We will install NFS Server on both nodes and have Pacemaker control the service, while replication occurs via DRBD (Distributed Replicated Block Device) in the background. You need to have a DRBD resource up and running on both nodes, if not, you can see my other post about installing and configuring DRBD.

(Tested on ubuntu:18.04)

Install & Configure NFS Server

sudo apt-get install nfs-kernel-server

Add our mountpoint on both nodes in /etc/exports for network address 192.168.7.0:

/srv               192.168.7.0/24(rw,nohide,insecure,no_subtree_check,async)

Install Pacemaker

References:

Pacemaker will be our Cluster Resource Manager. First ensure that DRBD service is disabled on both nodes.

sudo systemctl disable drbd
sudo umount /srv
sudo drbdadm down r0

After disabling drbd, install Pacemaker on both nodes.

sudo apt-get install -y pacemaker

On ubuntu 18.04, you may need to install crmsh as well.
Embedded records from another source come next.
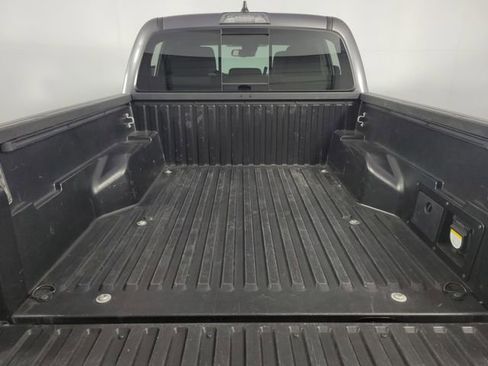 Used 2021 Toyota Tacoma TRD Sport image 26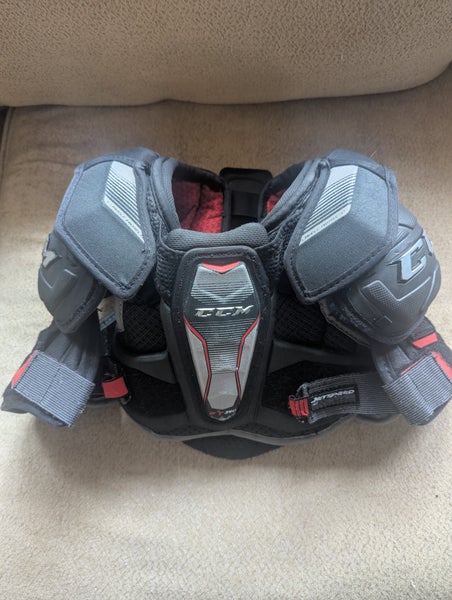 Small Junior CCM JetSpeed FT390 Shoulder Pads (Used)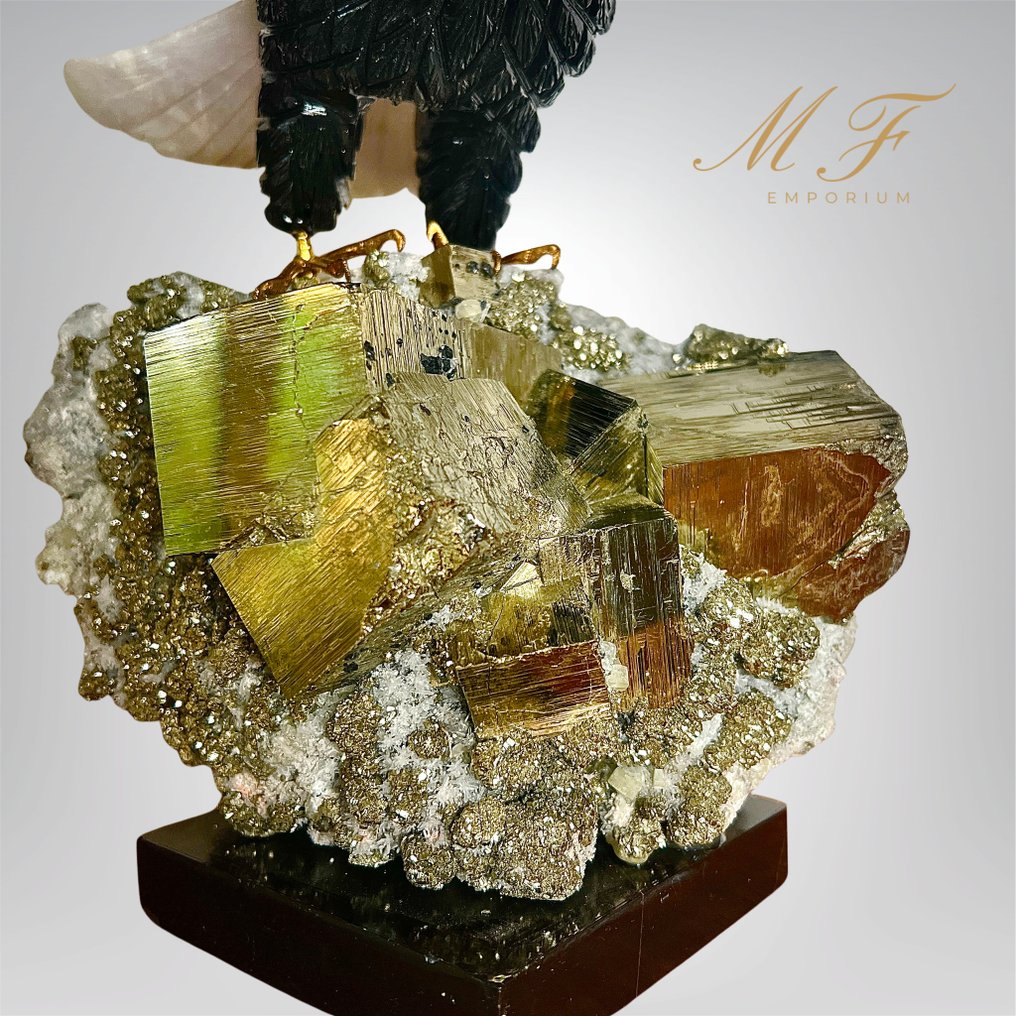 XXL Collection - Pyrite and Quartz Clusters with a carved Golden Eagle in Onyx and Quartz Carving - Height: 290 mm - Width: 380 mm- 7000 g - (1) #1.0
sudo apt-get install -y crmsh

It is important that you have the same versions of pacemaker and corosync on all of the nodes, otherwise your cluster will complain about different versions and become unstable.

Configure Corosync

Now edit /etc/corosync/corosync.conf on both nodes. Here most of the configuration comes from the default file, we will just add the following sections.

In totem section, add:

totem {
        ...
        secauth: off
        transport: udpu
        interface {
                ...
                bindnetaddr: 192.168.7.0
                broadcast: yes
        }
}

Here bindnetaddr is the network address of your nodes. Under totem, add a new section nodelist.

nodelist {
         node {
              ring0_addr: 192.168.7.123
              name: alpha
              nodeid: 1
         }
          node {
              ring0_addr: 192.168.7.140
              name: delta
              nodeid: 2
         }
}

In quorum section, disable expected_votes: 2 and add the following.

quorum {
        ...
        #       expected_votes: 2
        two_node: 1
        wait_for_all: 1
        last_man_standing: 1
        auto_tie_breaker: 0
}

The final configuration should look like this.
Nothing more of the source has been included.